Country Driving [162]
A group of young Guizhou people had just been rejected, and now they stood in the street, discussing where to go next. I asked one of them what Jinchao Synthetic Leather had against his home province. “They didn’t give a reason,” he said. “But lots of workers from Guizhou come to Lishui, so sometimes the factories won’t accept us.”
It’s illegal for a Chinese company to discriminate on the basis of home province, although in practice this happens all the time. I was curious to hear Jinchao’s reasons, so I followed a line of applicants inside. They made their way to the second floor, where the deputy manager conducted interviews in his office. He didn’t hesitate when I asked about the restriction. “People from Guizhou like to fight,” he said. “They’re too much trouble in the factory. Around here a lot of the petty criminals come from Guizhou, too. So I don’t want them working in the factory.”

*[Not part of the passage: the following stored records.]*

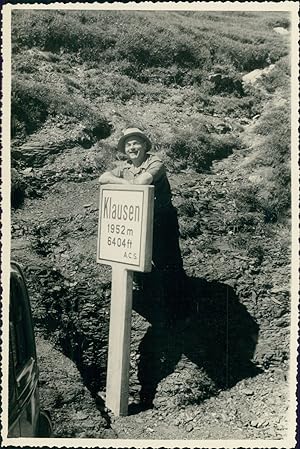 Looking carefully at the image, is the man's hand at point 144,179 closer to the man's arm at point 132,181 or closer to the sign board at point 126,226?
the man's arm at point 132,181

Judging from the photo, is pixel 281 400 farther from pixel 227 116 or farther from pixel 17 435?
pixel 227 116

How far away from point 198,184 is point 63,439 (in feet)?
10.5

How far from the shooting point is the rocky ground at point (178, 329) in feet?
14.3

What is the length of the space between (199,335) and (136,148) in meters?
1.91

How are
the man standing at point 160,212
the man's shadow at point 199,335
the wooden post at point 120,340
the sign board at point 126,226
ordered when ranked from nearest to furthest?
the sign board at point 126,226 → the wooden post at point 120,340 → the man standing at point 160,212 → the man's shadow at point 199,335

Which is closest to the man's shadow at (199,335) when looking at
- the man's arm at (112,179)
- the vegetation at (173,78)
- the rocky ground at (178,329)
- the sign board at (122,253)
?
the rocky ground at (178,329)

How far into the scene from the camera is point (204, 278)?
511cm

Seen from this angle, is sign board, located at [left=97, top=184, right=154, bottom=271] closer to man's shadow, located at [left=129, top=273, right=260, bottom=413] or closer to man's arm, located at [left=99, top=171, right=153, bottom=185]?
man's arm, located at [left=99, top=171, right=153, bottom=185]

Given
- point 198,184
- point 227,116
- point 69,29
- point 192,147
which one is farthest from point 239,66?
point 69,29

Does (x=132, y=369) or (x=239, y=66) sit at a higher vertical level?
(x=239, y=66)

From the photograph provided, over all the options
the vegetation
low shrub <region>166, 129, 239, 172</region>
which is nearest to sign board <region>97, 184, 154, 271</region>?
the vegetation

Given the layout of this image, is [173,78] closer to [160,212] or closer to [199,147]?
[199,147]

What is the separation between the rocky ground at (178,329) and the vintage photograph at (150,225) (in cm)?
1

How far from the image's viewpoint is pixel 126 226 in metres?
4.02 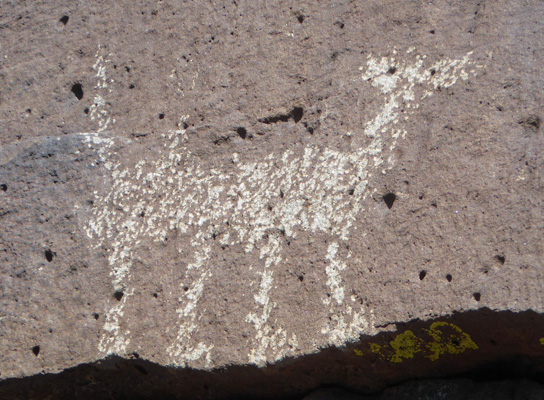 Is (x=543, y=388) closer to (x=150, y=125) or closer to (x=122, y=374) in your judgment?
(x=122, y=374)

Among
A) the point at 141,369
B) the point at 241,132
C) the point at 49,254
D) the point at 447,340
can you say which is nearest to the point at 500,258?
the point at 447,340

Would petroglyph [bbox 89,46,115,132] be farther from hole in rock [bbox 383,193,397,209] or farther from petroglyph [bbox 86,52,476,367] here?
hole in rock [bbox 383,193,397,209]

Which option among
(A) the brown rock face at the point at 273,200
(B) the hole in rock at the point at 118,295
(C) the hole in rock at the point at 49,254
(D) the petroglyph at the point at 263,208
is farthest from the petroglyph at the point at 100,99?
(B) the hole in rock at the point at 118,295

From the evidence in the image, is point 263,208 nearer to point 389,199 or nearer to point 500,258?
point 389,199

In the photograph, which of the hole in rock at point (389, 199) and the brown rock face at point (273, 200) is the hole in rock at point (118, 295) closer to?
the brown rock face at point (273, 200)

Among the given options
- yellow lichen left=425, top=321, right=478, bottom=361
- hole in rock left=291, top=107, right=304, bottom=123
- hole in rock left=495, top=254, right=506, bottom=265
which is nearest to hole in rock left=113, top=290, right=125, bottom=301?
hole in rock left=291, top=107, right=304, bottom=123

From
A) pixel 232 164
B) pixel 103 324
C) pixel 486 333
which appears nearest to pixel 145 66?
pixel 232 164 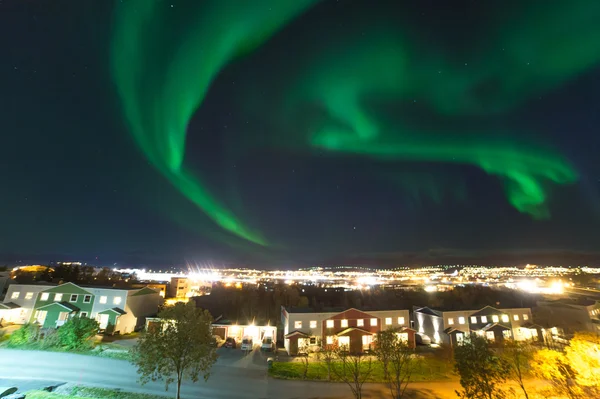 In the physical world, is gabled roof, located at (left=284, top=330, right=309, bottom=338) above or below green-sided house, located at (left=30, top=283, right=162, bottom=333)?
below

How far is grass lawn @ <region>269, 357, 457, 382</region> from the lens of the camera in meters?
28.9

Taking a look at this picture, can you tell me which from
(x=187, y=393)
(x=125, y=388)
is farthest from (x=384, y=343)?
(x=125, y=388)

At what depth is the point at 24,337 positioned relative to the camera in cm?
3284

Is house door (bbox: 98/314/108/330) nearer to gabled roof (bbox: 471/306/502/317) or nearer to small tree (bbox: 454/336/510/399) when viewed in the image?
small tree (bbox: 454/336/510/399)

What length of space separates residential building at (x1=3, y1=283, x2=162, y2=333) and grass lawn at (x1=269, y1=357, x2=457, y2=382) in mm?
26296

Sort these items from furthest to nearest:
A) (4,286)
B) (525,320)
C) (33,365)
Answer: (4,286), (525,320), (33,365)

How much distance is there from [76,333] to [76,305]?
14264 millimetres

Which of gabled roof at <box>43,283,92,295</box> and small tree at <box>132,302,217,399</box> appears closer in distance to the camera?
small tree at <box>132,302,217,399</box>

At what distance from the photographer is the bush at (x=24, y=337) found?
1275 inches

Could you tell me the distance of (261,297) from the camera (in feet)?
298

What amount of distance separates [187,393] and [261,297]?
6927cm

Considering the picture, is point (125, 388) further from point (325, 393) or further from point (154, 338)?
point (325, 393)

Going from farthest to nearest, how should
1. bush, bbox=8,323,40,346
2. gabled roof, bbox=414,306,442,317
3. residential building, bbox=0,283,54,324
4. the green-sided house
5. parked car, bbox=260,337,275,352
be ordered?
gabled roof, bbox=414,306,442,317 → residential building, bbox=0,283,54,324 → the green-sided house → parked car, bbox=260,337,275,352 → bush, bbox=8,323,40,346

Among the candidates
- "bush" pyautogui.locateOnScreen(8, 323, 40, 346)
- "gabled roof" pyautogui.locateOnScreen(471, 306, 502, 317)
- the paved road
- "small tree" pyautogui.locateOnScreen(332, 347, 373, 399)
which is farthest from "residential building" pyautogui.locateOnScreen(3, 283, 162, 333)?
"gabled roof" pyautogui.locateOnScreen(471, 306, 502, 317)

I had expected him to finesse the point, or maybe refuse to answer. But he couldn’t have been more direct: he refused to hire people from Guizhou because he didn’t like them. Who needs a better reason than that? He was just as straightforward with the potential workers who crowded around his desk. When one man tried to negotiate for a higher salary by complaining about the chemicals on the pleather assembly line, the manager shot back, “If you don’t want to work with toxic fumes, maybe you should become a teacher.” Another applicant complained that the starting wages for an unskilled worker—3.8 yuan per hour, or 47 cents—were too low. The manager said, “If you were a woman, you’d make even less. Women make only 3.4. So you should be happy with 3.8.” I asked why women were paid less for the same job, which was another dumb question. “Because women aren’t as strong,” the manager said matter-of-factly. “There are some things that a man can do better, so we have to pay them more.”

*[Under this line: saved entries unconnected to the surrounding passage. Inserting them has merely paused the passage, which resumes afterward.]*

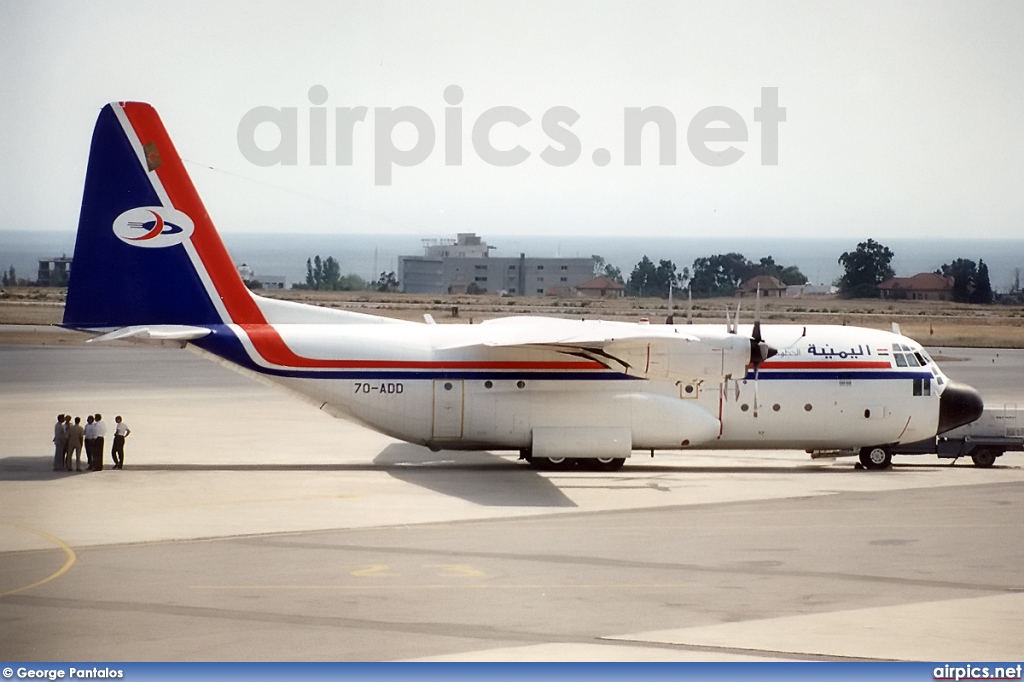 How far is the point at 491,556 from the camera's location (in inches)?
758

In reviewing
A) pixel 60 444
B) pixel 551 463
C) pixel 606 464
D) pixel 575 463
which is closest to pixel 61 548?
pixel 60 444

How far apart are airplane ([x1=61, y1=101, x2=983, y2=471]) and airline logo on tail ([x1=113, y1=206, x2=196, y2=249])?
30mm

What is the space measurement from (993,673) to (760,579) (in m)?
5.24

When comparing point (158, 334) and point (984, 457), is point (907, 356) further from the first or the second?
point (158, 334)

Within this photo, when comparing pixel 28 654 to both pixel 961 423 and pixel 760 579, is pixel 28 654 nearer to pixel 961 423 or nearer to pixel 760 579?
pixel 760 579

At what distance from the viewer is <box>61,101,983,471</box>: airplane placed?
28.3 m

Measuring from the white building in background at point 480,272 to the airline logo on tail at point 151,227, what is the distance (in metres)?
61.7

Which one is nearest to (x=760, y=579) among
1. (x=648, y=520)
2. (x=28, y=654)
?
(x=648, y=520)

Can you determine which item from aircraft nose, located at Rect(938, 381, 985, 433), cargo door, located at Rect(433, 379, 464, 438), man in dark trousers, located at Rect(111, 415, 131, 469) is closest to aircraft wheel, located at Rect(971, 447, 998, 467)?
aircraft nose, located at Rect(938, 381, 985, 433)

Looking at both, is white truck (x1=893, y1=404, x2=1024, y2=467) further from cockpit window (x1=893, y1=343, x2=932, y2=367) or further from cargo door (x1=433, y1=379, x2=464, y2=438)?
cargo door (x1=433, y1=379, x2=464, y2=438)

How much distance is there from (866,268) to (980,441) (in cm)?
5444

But I noticed that workers responded to this man, despite the fact that almost everything out of his mouth seemed offensive. He had an easy rapport with the returning employees, who stopped by the desk to register for the coming work year. And bolder applicants tended to be rewarded. One man wouldn’t agree to the starting wage; he had already worked a similar job at another factory, and he believed that his experience was worth a higher salary. The manager flatly refused (“Go back to your old job”), but the worker wouldn’t leave. He stood by the desk, making his case while the manager dealt with other applicants. Periodically they exchanged barbs (“I wouldn’t have come here if I’d known you weren’t fair” “Why would I care if you came here or not?”), but neither one ever showed any anger. After a full hour, the manager finally signed him up at the higher wage. That’s what it took to win his respect—patience and determination and a certain bullheadedness.
Nobody had been doing this for long. Ten years ago, most Chinese employment was government-assigned, and in those days it was rare for a Chinese person to embark on an independent job search. Since then, people have learned quickly, but the routine is still new—the blind recruit the blind. And they have no time for the polish of the American human resources department. There are no euphemisms, no indirections; nobody talks about “becoming part of the team” or “opportunities for growth” or a desire for “highly motivated, creative individuals.” People say exactly what they think, and they make brutally sharp evaluations; they feel free to act on any whim or prejudice. Here in China, “human resources” has a more literal meaning: millions of people need to find work, and countless factories need them to work hard, and no subtleties of language can soften the hard calculus of supply and demand.